Look for the line with "Patagonia GettyImages-1487662835 web"; please transcribe it and every later line in the entries exactly, up to the end, leaving pictures out.

***

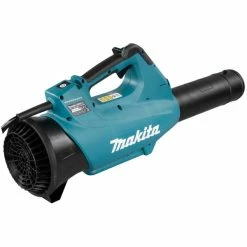 Makita UB001CZ, Souffleur De Feuilles (Bleu/Noir) 13 Makita UB001CZ, Souffleur De Feuilles (Bleu/Noir) -Pas Cher Irrigation Magasin Makita UB001CZ Souffleur de feuilles@@1781627 5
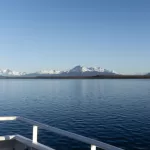 Patagonia GettyImages-1487662835 web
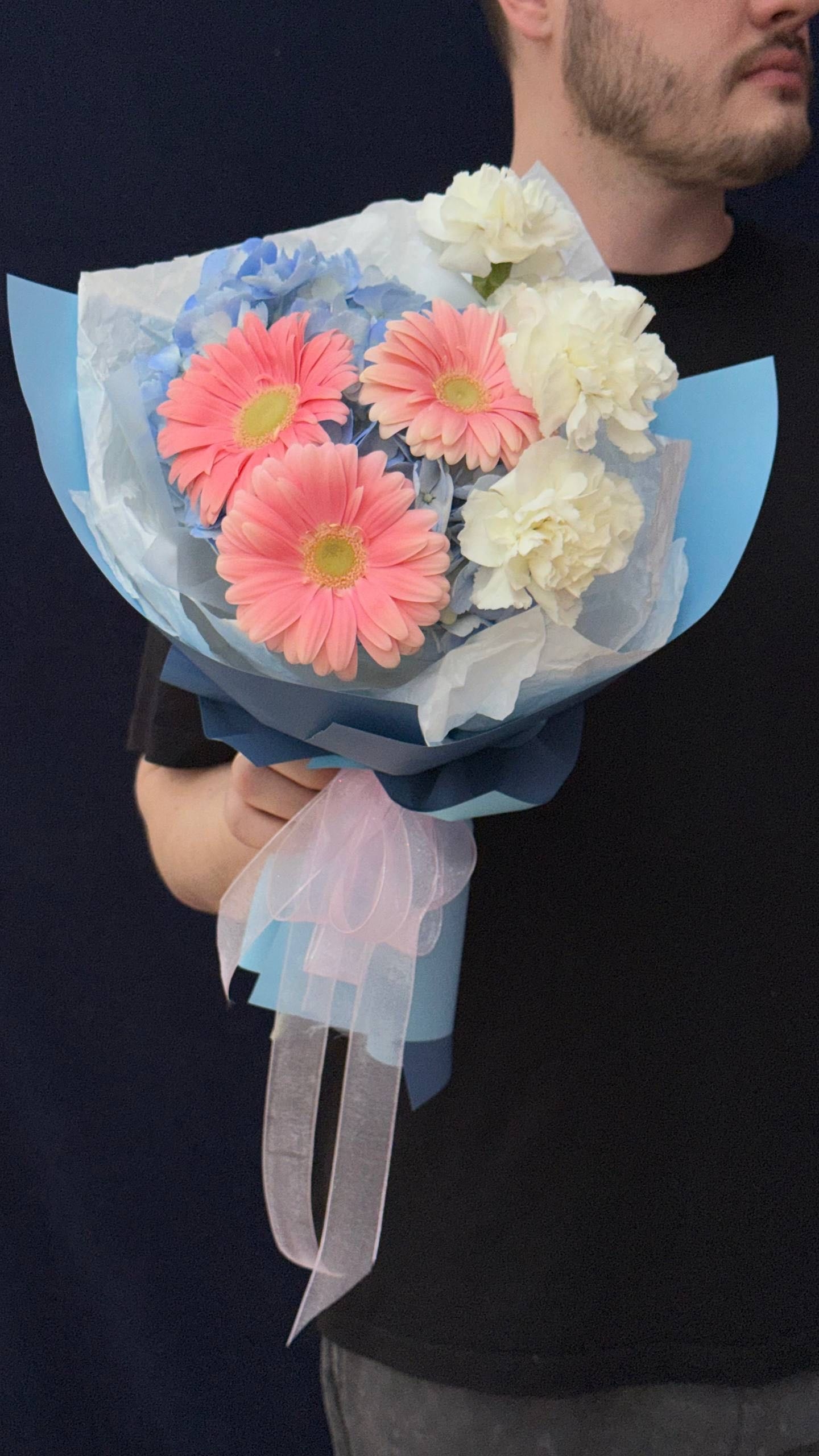 Школьный №4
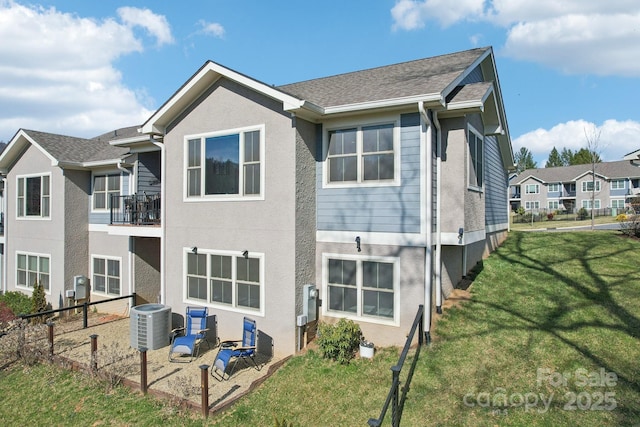 22 Thornes Ln, Asheville, NC 28805 - photo 6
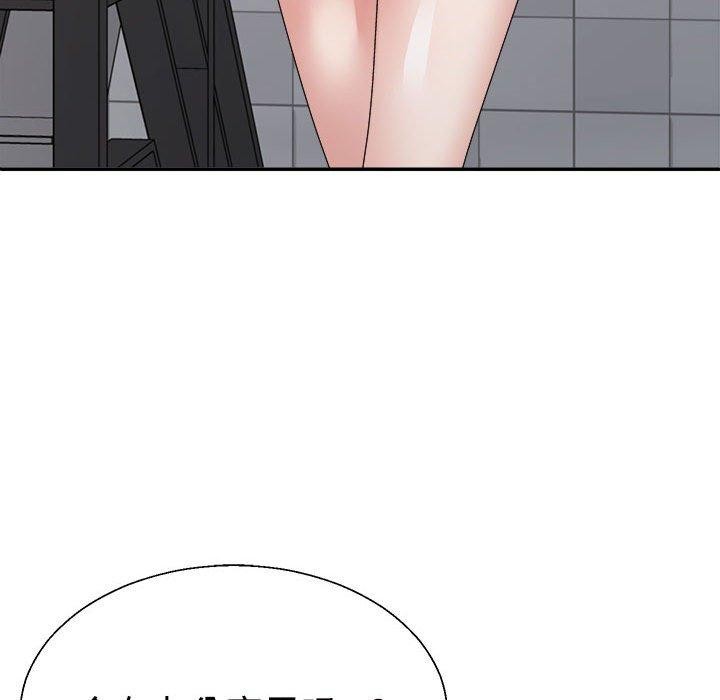第30话 - 第113.jpg页
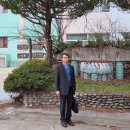 장호원초등학교 이미지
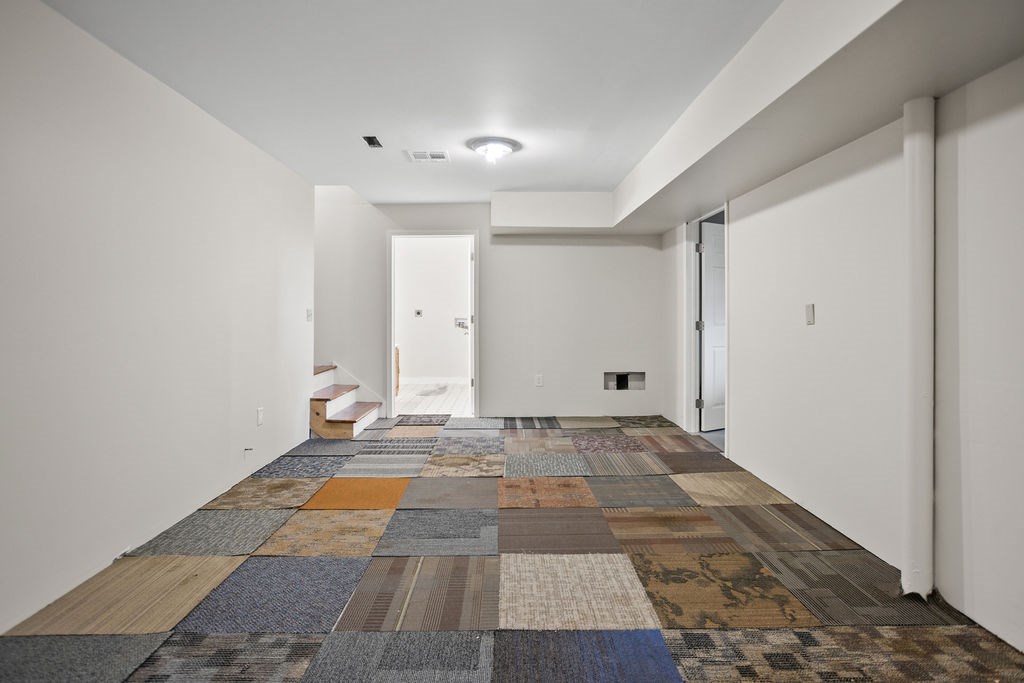 Tioga, Pennsylvania 16946, United States, 3 Bedrooms Bedrooms, ,2 BathroomsBathrooms,Residential,Active,201032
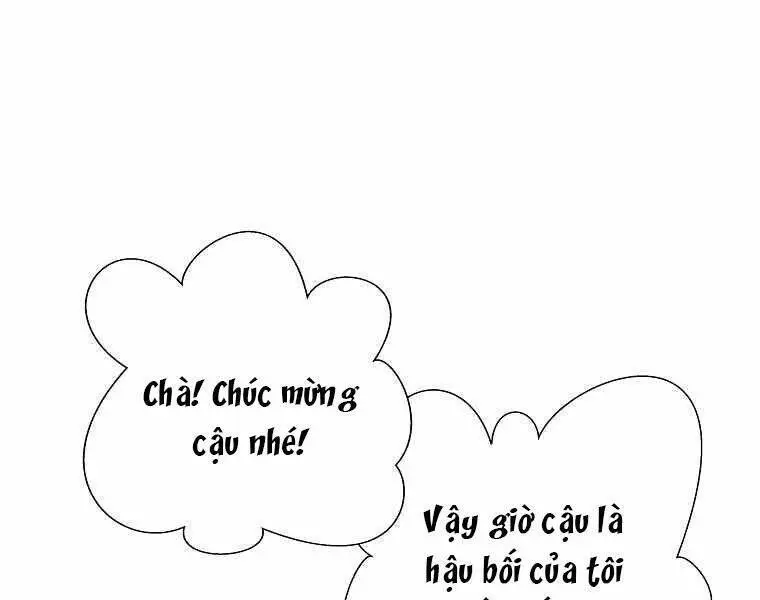 Sự Trở Lại Của Huyền Thoại Nettruyen ZZZ Chương 45 Page 47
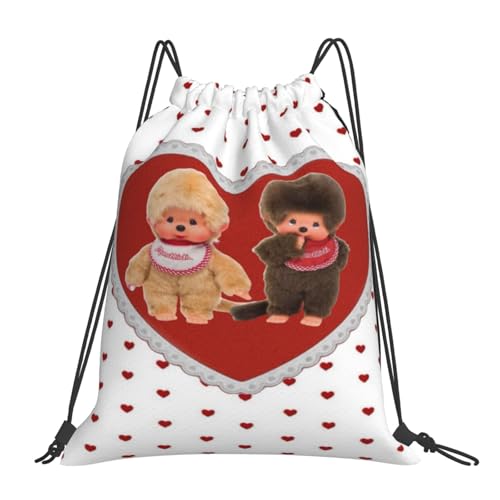 `b` (10) WTbN ibvTbN eʃibvTbN ВobN y h s AEghA X|[cW WobO ^g[jO jZbNX @\ В obNpbNB42cmx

***

* [Solution for this task]
 Patagonia GettyImages-1487662835 web
 Школьный №4
 22 Thornes Ln, Asheville, NC 28805 - photo 6
第30话 - 第113.jpg页
 장호원초등학교 이미지
 Tioga, Pennsylvania 16946, United States, 3 Bedrooms Bedrooms, ,2 BathroomsBathrooms,Residential,Active,201032
 Sự Trở Lại Của Huyền Thoại Nettruyen ZZZ Chương 45 Page 47
 `b` (10) WTbN ibvTbN eʃibvTbN ВobN y h s AEghA X|[cW WobO ^g[jO jZbNX @\ В obNpbNB42cmx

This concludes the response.